The same thing happens to me! I don't know why, but even though I was born and raised in the U.S.A., a lot of people somehow think I have an accent... Just last week, a girl I was talking to asked me out of the blue, "Something about the way you talk...You don't sound like you're from around here. Are you Spanish?"

Another time, these two people my sister and I had just met practically went into hysterics at our 'funny accent' and kept asking us to say words, but I thought that they sounded just like us!

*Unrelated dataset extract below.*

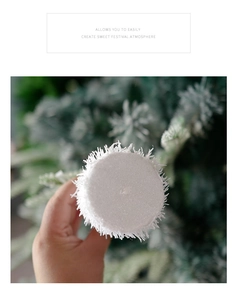 Detail of white snowy Christmas foam ball with glitter texture and plush finish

I don't know what it is, but all my family members seem to have the same thing happen to them a lot, too...People usually think we're Hispanic or from somewhere in the Mediterranean like Italy or Greece, since we have darker skin and features, but we're Eastern European. It's odd. My sister, on the other hand, who doesn't look much like us and is far paler, gets quite a few people thinking she's from Britain. They even think she has a British accent sometimes! Altogether, we've been mistaken for Puerto Rican, Spanish, Arabic, Greek, Italian, Brazilian, and English. I think it's strange, but kind of interesting!


----------



## Aqualung (Nov 21, 2009)

Here in the U.S. Hispanics have spoken Spanish to me a few times. I guess I look Hispanic to some. My mom's side of the family sure does. My grandad looked Mexican & spoke fluent Spanish so I asked my mom once & she said "No, we go back to England & Ireland. Got a German last name from my dad. My Hispanic in-laws said "Dang dude, you sure don't look German!" : ) Once a soccer player from Wales spoke French to me. But I was in Paris. Turns out neither of us knew much French & we busted out laughing when we figured out we both only spoke English. He was in Paris for a European soccer tournament & we were both lost at night in the rain. But we had a nice long chat. He asked me about living in Texas & I asked him about soccer. I gave him my city map & wished him luck in the tournament. Anyway, sorry I get carried away with story telling, as you know by now.


----------



## ParetoCaretheStare (Jan 18, 2012)

My friend made a really funny remark about me at a jam last night saying that I'm a russian hippie. I guess some sort of accent leaks out sometimes in my speech , even though I've lived in the states since I was three. I guess it is sort of a funny combination.


----------



## Particulate (Sep 21, 2012)

I've gotten English ALOT.

I live in the midwest so I have a "neutral accent" by the standards of most of America. To my clients in New York I sound funny, to those in LA and San Francisco I sound unusual and the same can be said of the Miami crowd. But the area in which I live in is ringed by a vastly agricultural base and the manner in which I pronounce words is often seen as out of place (My mother always insisted that I pronounce things correctly). 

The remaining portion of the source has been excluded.